Corporate Actions Pain Points

April 27, 2011

When looking into the pain points experienced by those involved in financial services, handling corporate actions often comes up as one of the most excruciatingly complex components of their operation.  In fact, Securities Technology Monitor recently (December 27, 2010) published the “5 Top Data Nightmares in 2011”—and listed as number three was “Correctly Notifying Investors of Corporate Actions.”

Managing corporate actions can be an intricate, risky, and time-consuming task for investment professionals.  Both the number and nature of corporate actions present the challenge of interpreting, processing, and reporting these actions.  The related workflows are typically manual and as a result tend to be operationally inefficient, costly, and error-prone.

With more than 60 different types of corporate actions–some mandatory, some voluntary, and many with multiple options–coupled  with the fact that different counterparties are involved in communication at different points in time, the process becomes very tricky.  From the time a corporate action is issued things are complicated, starting with the challenge of receiving timely and accurate notification and then interpreting the action and its application.  As information travels from the issuer through various intermediaries on to the investor, risk and cost are introduced along the way.  Incomplete and/or incorrect data, human error, and numerous other problems raise the cost of corporate action processing well beyond the cost of human capital required.  The Securities Technology Monitor report quotes an operations executive at a New York custody bank as saying, “Even the smallest error in interpretation can add up to millions of dollars in compensation and we dread having to tell our chief executive officer who made the error and why.”

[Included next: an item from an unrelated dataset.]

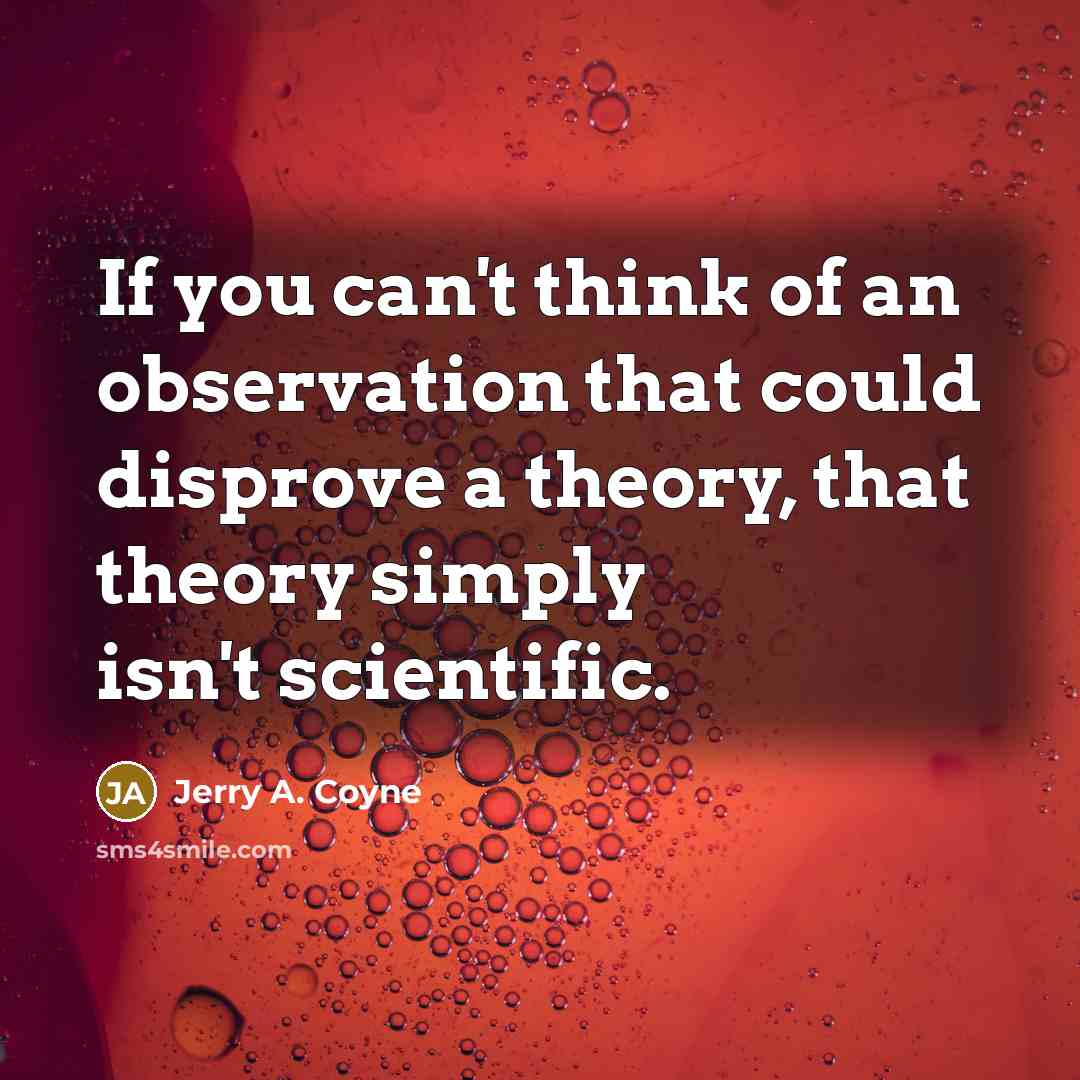 “If you can't think of an observation that could disprove…” quote by Jerry A. Coyne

The labyrinthine nature of the process is such that adding human resources can help to a limited extent; human error is always a possibility which is why automation through technology is where the greatest workflow improvements can be found.  As reported by Aite, the last 10-15 years have seen significant maturation of software that automates processing; in tandem, the trend over the last dozen or so years has been to focus on leveraging these technological improvements to increase efficiency.

As technology solutions in the market have evolved, we have also felt the positive impacts of standards and radically improved notification, including ISO 15022 and the upcoming SWIFT/DTCC effort with the ISO 20022 messaging format. .  End users’ faith in the advancements and their commitment to better results is reflected in their investment in this area—a December 2010 report states that global spending on corporate actions processing will be approximately $70M (USD) in 2010 and will grow to $93M (USD) in 2015.

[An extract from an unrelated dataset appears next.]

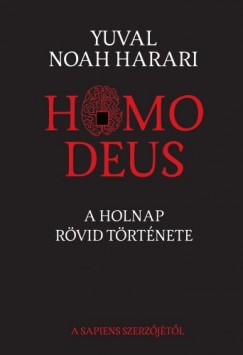 Yuval Noah Harari - Homo Deus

Thomson Reuters closely monitors corporate actions processing and has made significant investment in and enhancements in this area.   PORTIA can help reduce the time and risk associated with manual entry and processing of corporate actions events by offering a centralized and efficient corporate actions workflow, flexible processing options, and automated feeds.  The Corporate Actions Module includes support for many new corporate action types including Mergers for Cash & Shares, Exchanges, Capital Gain Payments, Security name, ticker, or CUSIP changes, Sector Changes, Consent Fees, and more.

Have you had challenges processing corporate actions and how have you dealt with them?  Are you experiencing workflow improvements from the changes in technology and/or the introduction of standards?  What do you feel as other points of pain?